Alexandre Sorokine, président de la société «Planète Bowling», aime quant à lui fêter son anniversaire à 200 km/h sur sa moto. Mais pour son prochain anniversaire, il veut marcher sur les pas de Gengis Khan dans le désert de Gobi, à cheval, comme ses collègues. «Le luxe ce n’est pas un feu de diamants, mais des moments inoubliables qu’on vit», résume-t-il.

Évacuer le stress en sautant à l’élastique ou en s’engageant comme matelot à bord d’un navire est devenu trop banal, raconte pour sa part Mikhaïl Gorchikhine, directeur de la Russian Event Company. Et payer un demi-million de dollars pour faire atterrir un avion avec 150 invités dans un endroit inconnu où les attend une fête ne frappe plus, poursuit-il.

Pour avoir des sensations plus fortes, les riches préfèrent se déguiser en pauvres, jouer à la guerre ou faire un tour coûteux à leurs proches. Hommes d’affaires, députés, hauts fonctionnaires et leurs femmes dépensent jusqu’à 10 000 dollars par personne pour passer une nuit à Moscou comme serveur, chauffeur de taxi, clochard ou prostituée, raconte Sergueï Kniazev, président du Club ludique.

Organisés dans une discrétion absolue mais à grand renfort de moyens pour assurer la sécurité et doter les protagonistes d’une apparence crédible, «ces jeux sont toujours très sollicités», dit-il. Le fin du fin consiste à enfiler des oripeaux de clochard pour déambuler dans le quartier de la gare centrale à Moscou, véritable Cour des miracles.

La nouveauté du moment: «nos clients veulent maintenant s’amuser en Europe», confie M. Kniazev. Des dizaines de clients aisés de son Club ludique ont rôdé «déguisés en clochards à Paris, en musiciens de rue à Venise ou sont montés comme contrôleur dans un bus de ligne à Genève», raconte-t-il, ajoutant que «ces personnes ne veulent surtout pas dévoiler leur identité». Pas de problème toutefois pour s’acquitter de la facture : 10 à 20 000 $ la journée.
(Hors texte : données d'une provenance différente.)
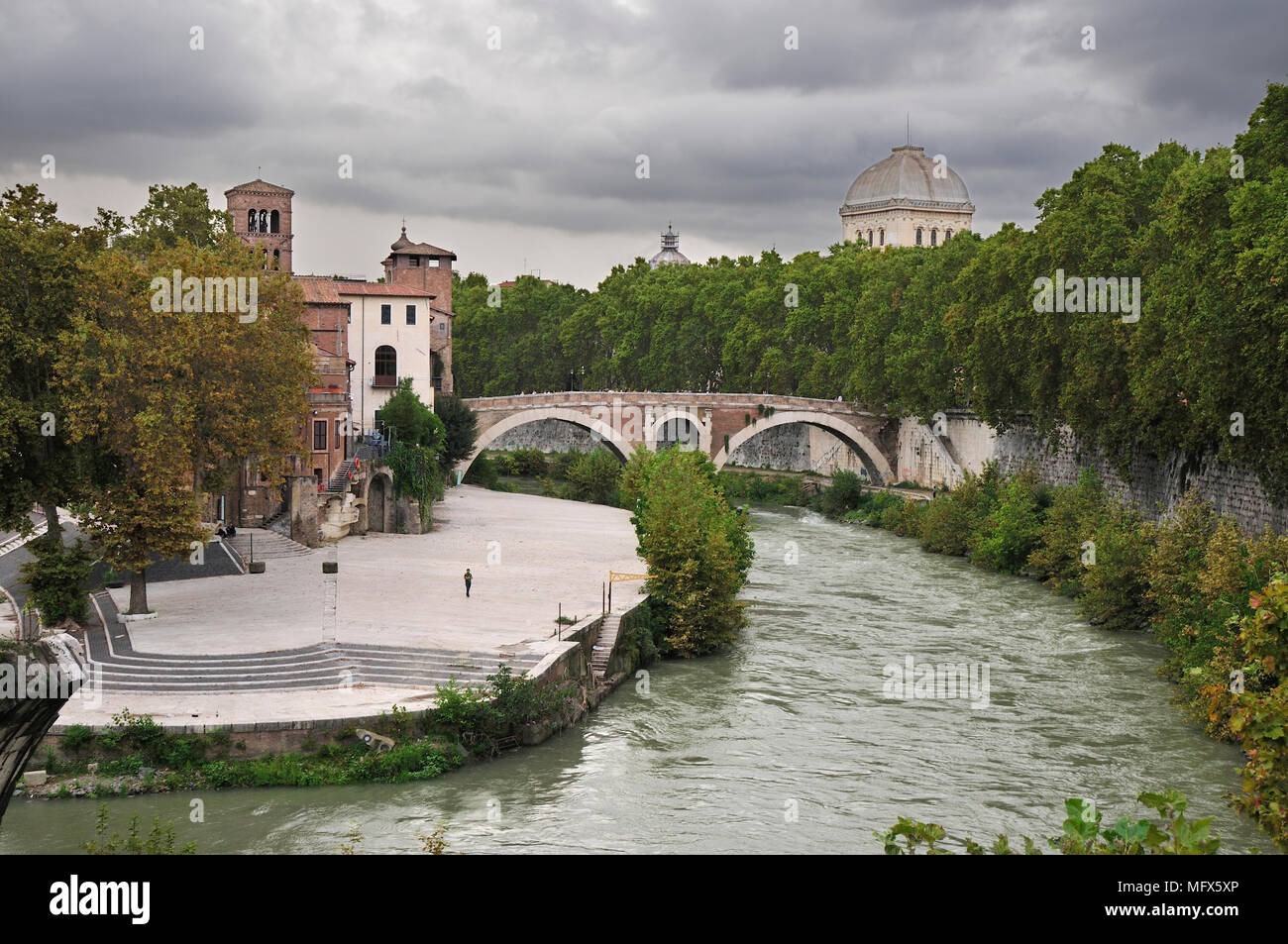 Tiber island (Isola Tiberina) and an old bridge over the river Tiber. Rome, Italy Stock Photo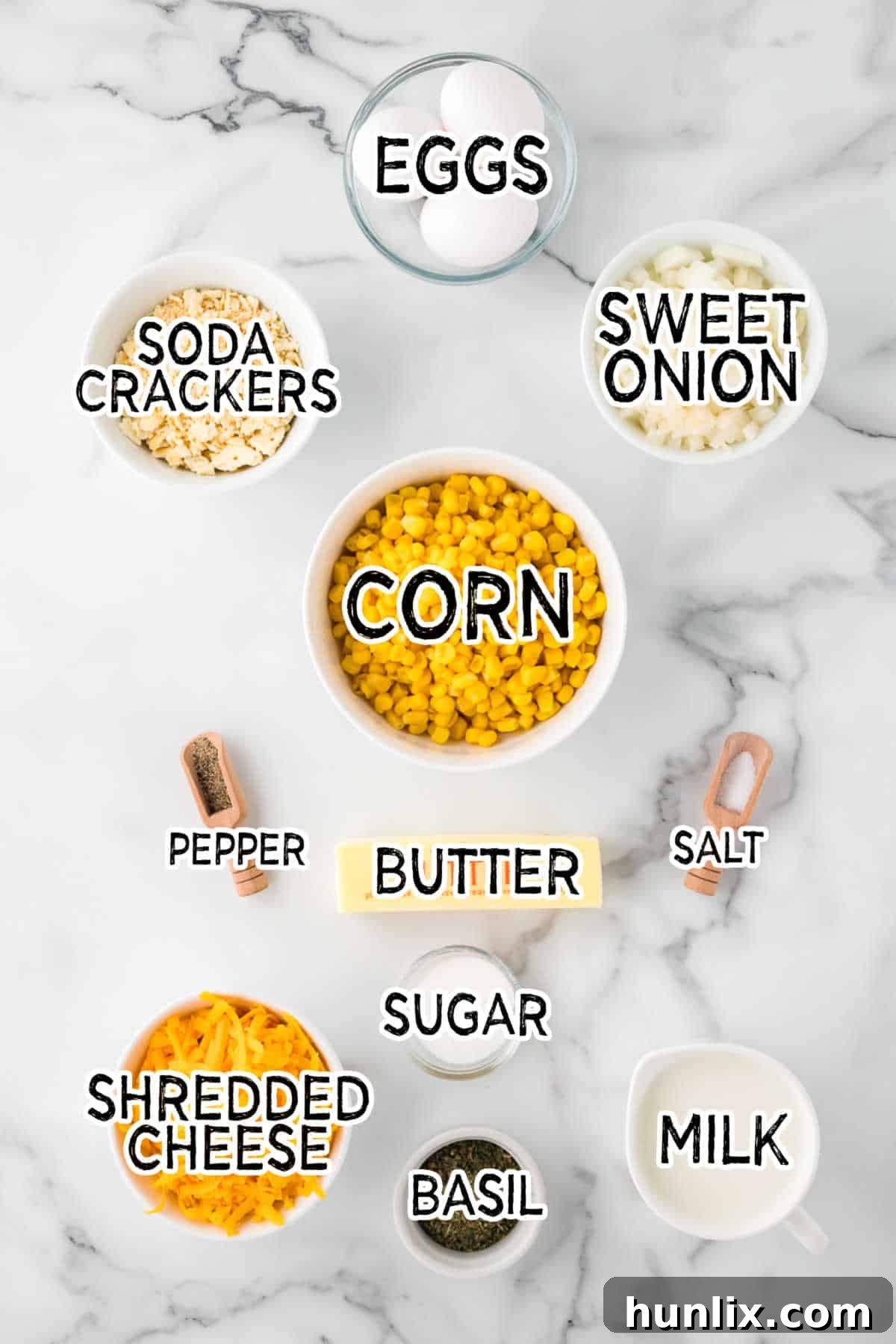 Ingredients for cheesy corn casserole laid out on a marble counter.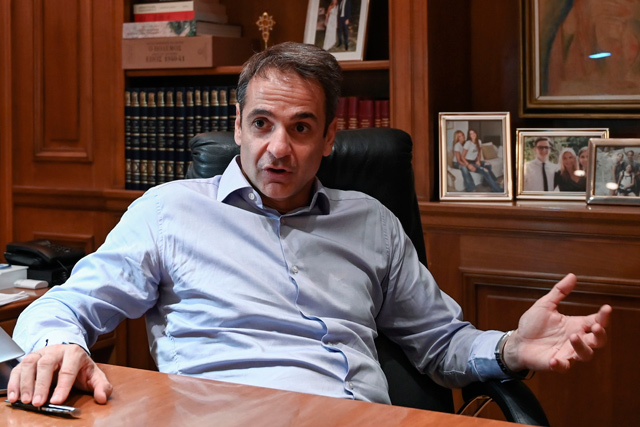 Greek Prime Minister Kyriakos Mitsotakis gives an interview to AFP journalists in Athens on Tuesday (AFP photo)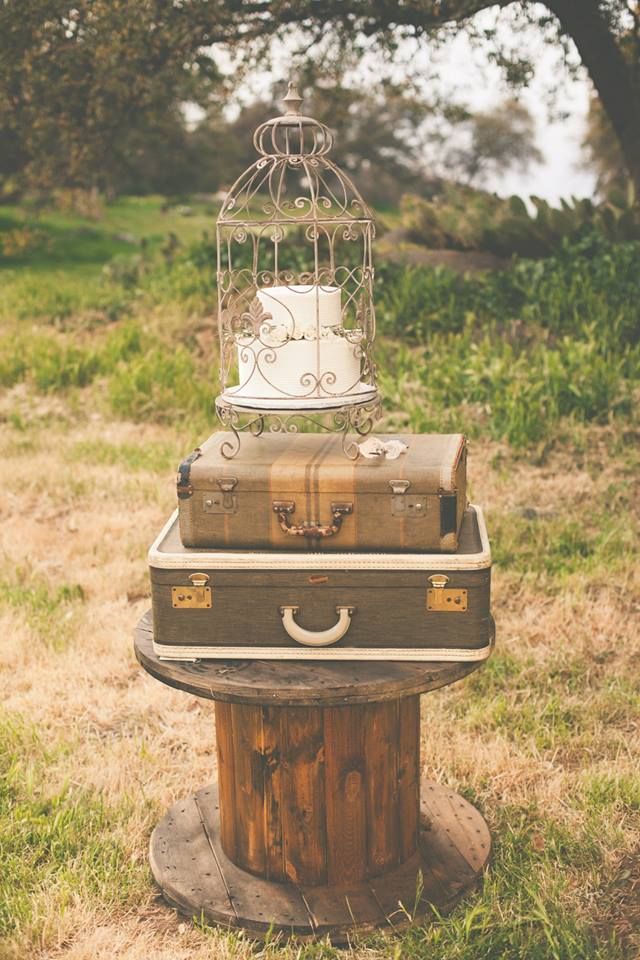 wedding cake in a cage on vintage rustic suitcase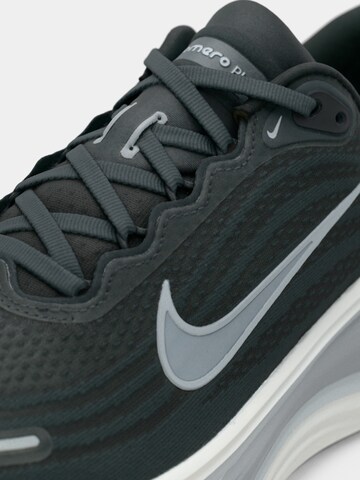 NIKE Running shoe 'Vomero Plus' in Grey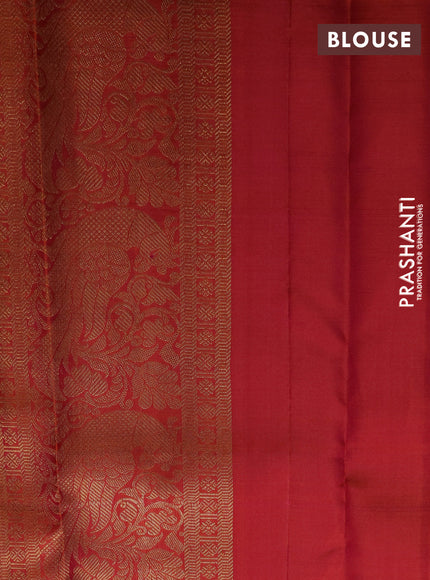 Pure kanchipuram silk saree dual shade of pinkish orange with zari woven buttas and long zari woven border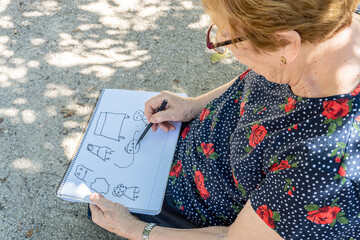 Hands of elderly woman with Alzheimer's, drawing doodles in a notebook. It is important to keep...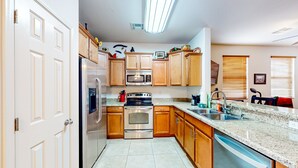 A modern kitchen with wooden cabinets, stainless steel appliances, a granite countertop, and a built-in dishwasher. - Desert retreat with enclosed yard, instruments, alfresco dining, grill, & W/D (San Tan Valley)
«Les uns cherchent à évacuer le stress, d’autres fuient une vie totalement prévisible», explique M. Kniazev. Une dizaine de dirigeants du secteur immobilier, des habitués d’hôtels de luxe, ont payé 25.000 euros chacun pour dormir dans des villages de montagne en Afghanistan où ils cherchaient «les traces d’Alexandre de Macédoine», raconte Alexeï Vantchougov qui dirige la compagnie de loisir RBA Promo Holding. «Ces gens ne veulent pas exhiber leur fortune, ils préfèrent les plaisirs intellectuels», explique-t-il. J’espère que les vous comprendrez, voire compatirez …

Édouard, 38 ans, directeur d’une société immobilière, et son ami Gueorgui, 45 ans, ont voulu «jouer» Napoléon lors de reconstitutions avec des soldats miniatures dans des locaux du ministère de la Défense à Moscou, stratèges militaires et plans de bataille à l’appui. Le premier «Napoléon», inversant le cours de l’histoire, a gagné Waterloo, le second a perdu la bataille de Borodino (Russie) comme le vrai empereur en 1812. Chacun pour la bagatelle de 40 000 dollars la campagne.

D’autres trouvent que faire un tour à ses proches est plus branché. Une cliente du Club ludique a ainsi voulu faire plaisir à son mari, épris d’une star de la télévision russe. Le jour de son anniversaire, l’époux se fait «engager par hasard» dans un «tournage» où il «joue» avec son actrice favorite. En pleine séquence où il embrasse la star, le moteur s’arrête pour laisser sa femme lui souhaiter joyeux anniversaire.